Zadie Smith, then aged 12, watched Chapman on TV with her family and recalled here the profound impact she made. https://www.theguardian.com/music/2025/mar/31/zadie-smith-tracy-chapman-debut-album-free-nelson-mandela-concert?
Not that Chapman appeared to enjoy fame. She rarely gave interviews and never did the things expected of rising stars: attending exclusive award shows/parties, flaunting their partner/new found wealth, turning up on MTV, making expensive, showy videos, goofing on chat shows. Instead, she retreated into herself and went to work on a sophomore album. Considering the TC album was now selling millions and millions of copies worldwide – it has since sold over 20 million – there was real excitement around the release of Crossroads in 1989. I recall the guy who looked after Elektra’s account in Auckland breathlessly telling me how he’d heard a test pressing of Crossroads and it was going to blow minds.
It didn’t. Instead, 1989’s Crossroads bore all the hallmarks of “difficult second album”. Chapman had written the songs on TC as a complete unknown - Talkin’ ‘Bout A Revolution was written when she was 16 (yes, it sounds it) - working on them while studying anthropology in Boston. They were her life (so far) and, beyond busking and singing at the occasional campus anti-apartheid protest, she hadn’t even worked the local folk clubs. She was a novice who suddenly found herself hugely famous and successful. And instructed by Elektra to deliver a follow-up. Well, Tracy duly did so. But the songs lacked spark.
Crossroads isn’t a bad album. I like how, with Chapman now co-producer, she stopped Kershenbaum from sweetening her songs. Her voice is strong and there is some imaginative instrumentation. But none of the songs demand you play them again and again. Sales slumped and audiences turned away: I recall her playing at Shepherds Bush Empire, a 2200 seater, in the mid-90s, where seven years prior she would have filled an arena. Her reluctance to engage with the media meant she attracted little attention and the albums that followed Crossroads didn’t excite anyone but the faithful.
To be honest, when I thought of American female singer songwriters in the 90s it was the likes of Lucinda Williams and Annie DeFranco who struck me as releasing exciting new music. So, when I was approached by the London PR who looked after Elektra/Warners artists asking as to whether I would be interested in interviewing Chapman, I was surprised.

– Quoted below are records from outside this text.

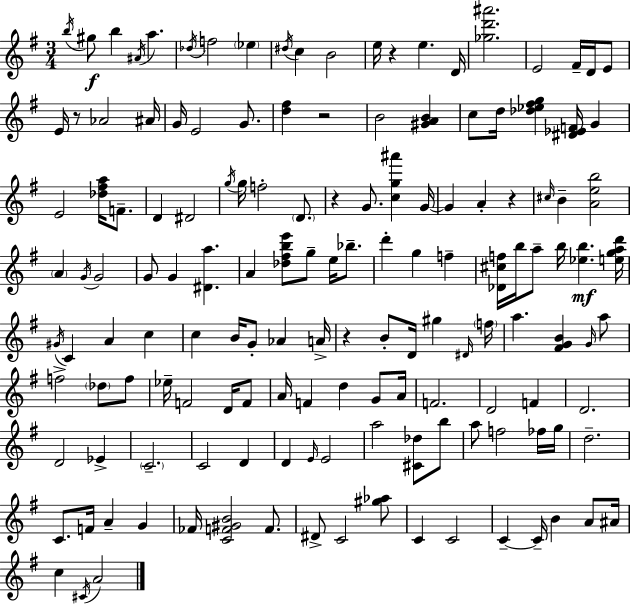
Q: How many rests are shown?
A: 6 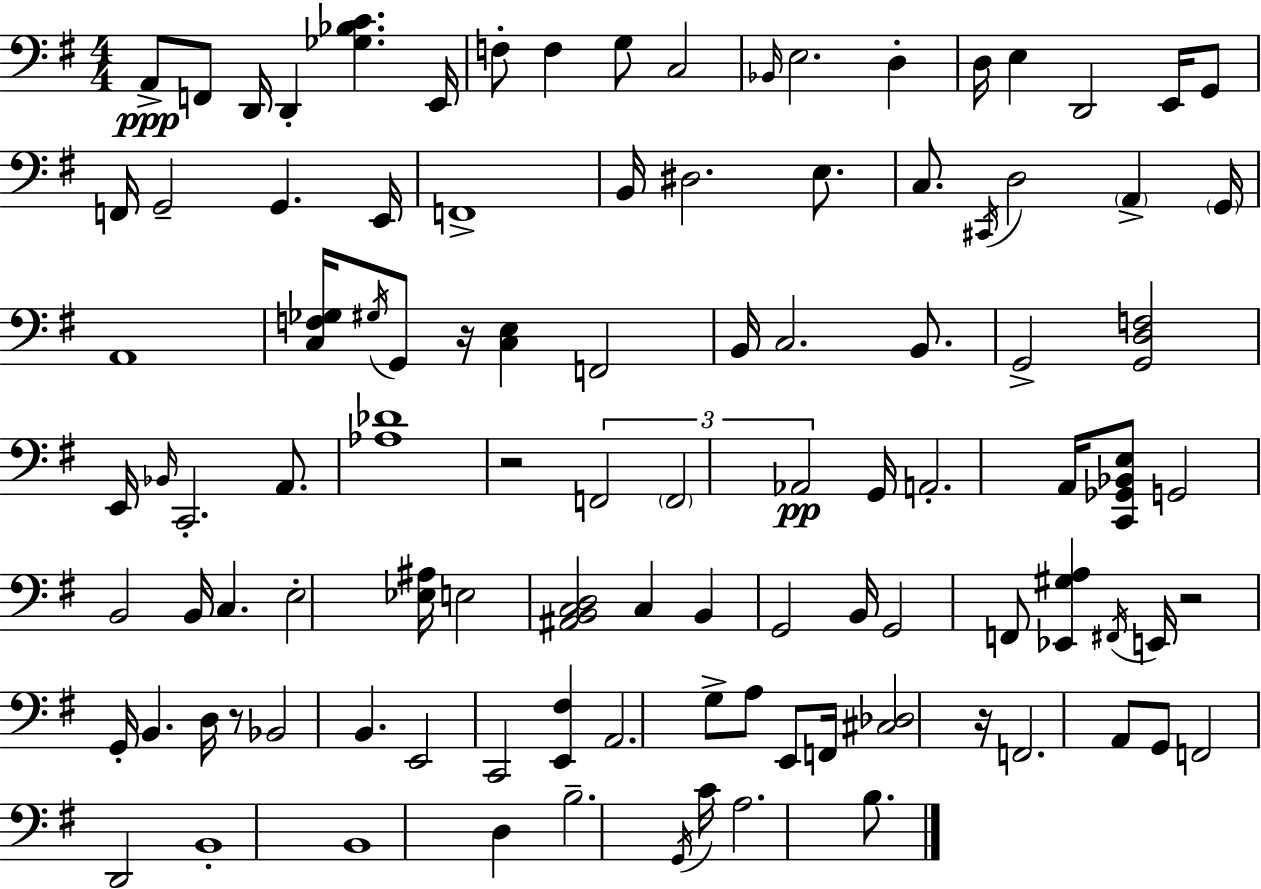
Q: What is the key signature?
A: E minor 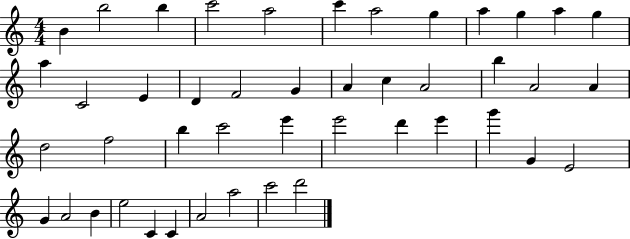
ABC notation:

X:1
T:Untitled
M:4/4
L:1/4
K:C
B b2 b c'2 a2 c' a2 g a g a g a C2 E D F2 G A c A2 b A2 A d2 f2 b c'2 e' e'2 d' e' g' G E2 G A2 B e2 C C A2 a2 c'2 d'2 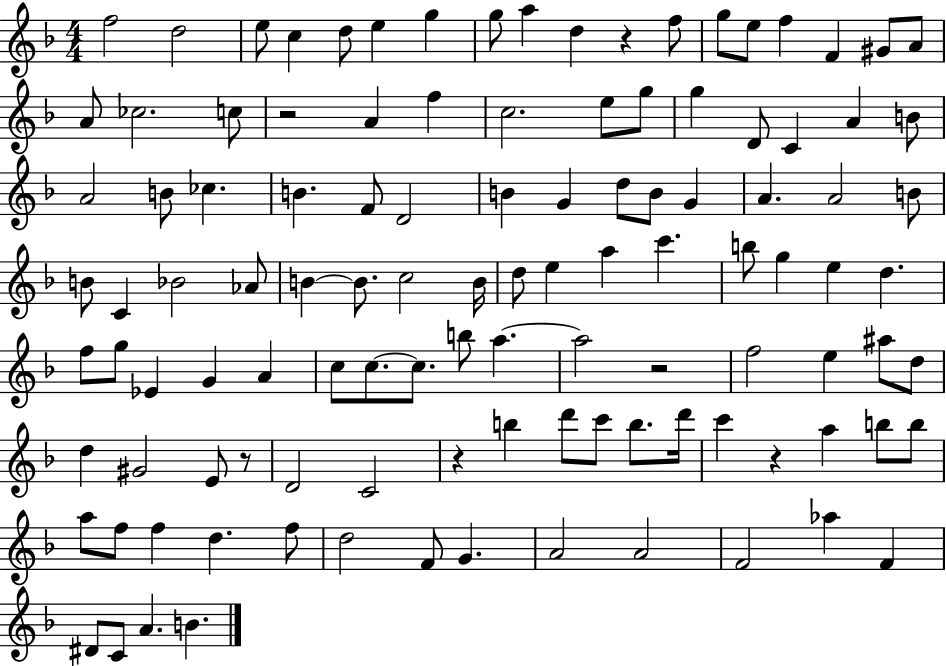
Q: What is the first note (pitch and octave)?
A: F5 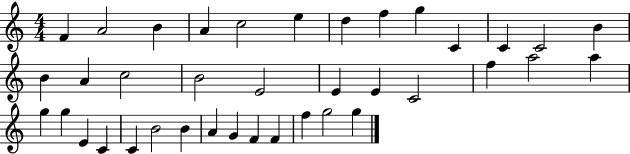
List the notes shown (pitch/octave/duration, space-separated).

F4/q A4/h B4/q A4/q C5/h E5/q D5/q F5/q G5/q C4/q C4/q C4/h B4/q B4/q A4/q C5/h B4/h E4/h E4/q E4/q C4/h F5/q A5/h A5/q G5/q G5/q E4/q C4/q C4/q B4/h B4/q A4/q G4/q F4/q F4/q F5/q G5/h G5/q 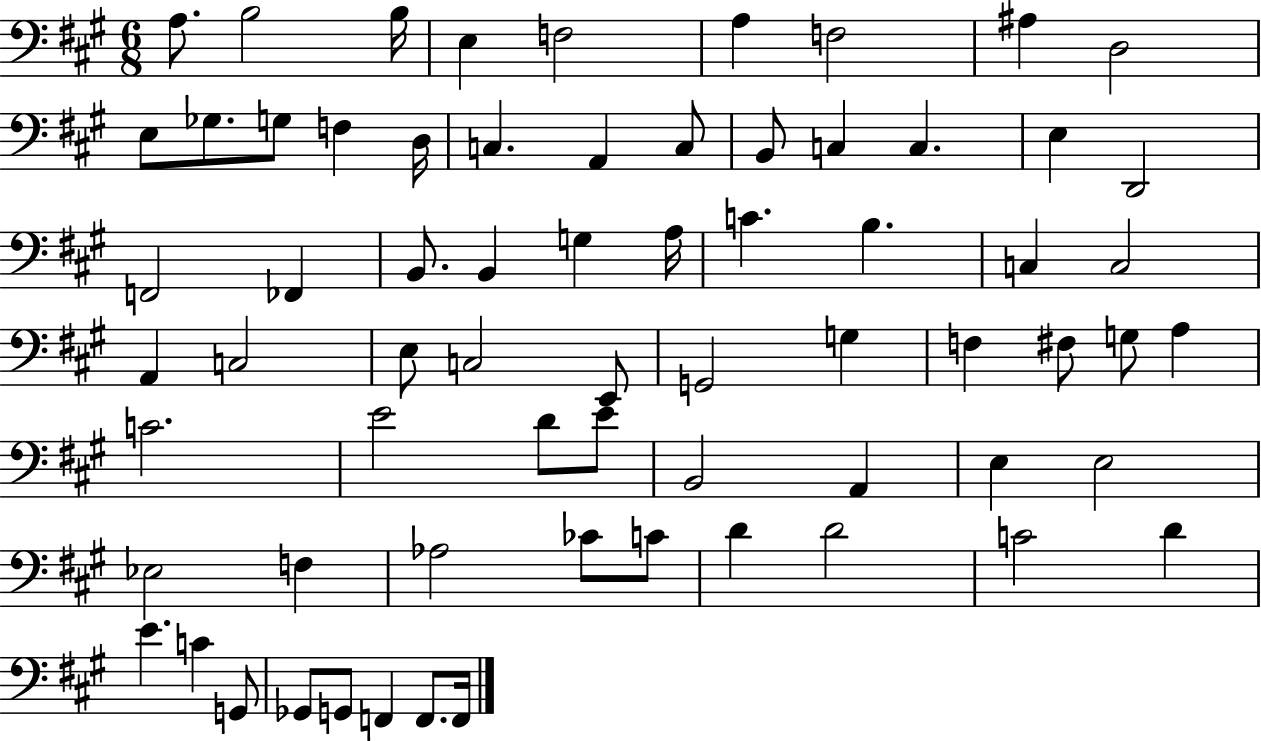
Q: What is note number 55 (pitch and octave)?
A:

Tracy from the Telling Stories inside sleeve. This is how I remember her looking when we met.
It was an odd offer: normally PRs pitch the artist to the journalist months in advance (so you have time to approach different publications). This time it appeared that Tracy was in town. And available for interview. It was a yes or no call. This must have been around 2000 when her album Telling Stories was released. It appears that the album had sold well in France but poorly in the UK (one week at no 85 in the charts) and Elektra had convinced her she needed to do some press.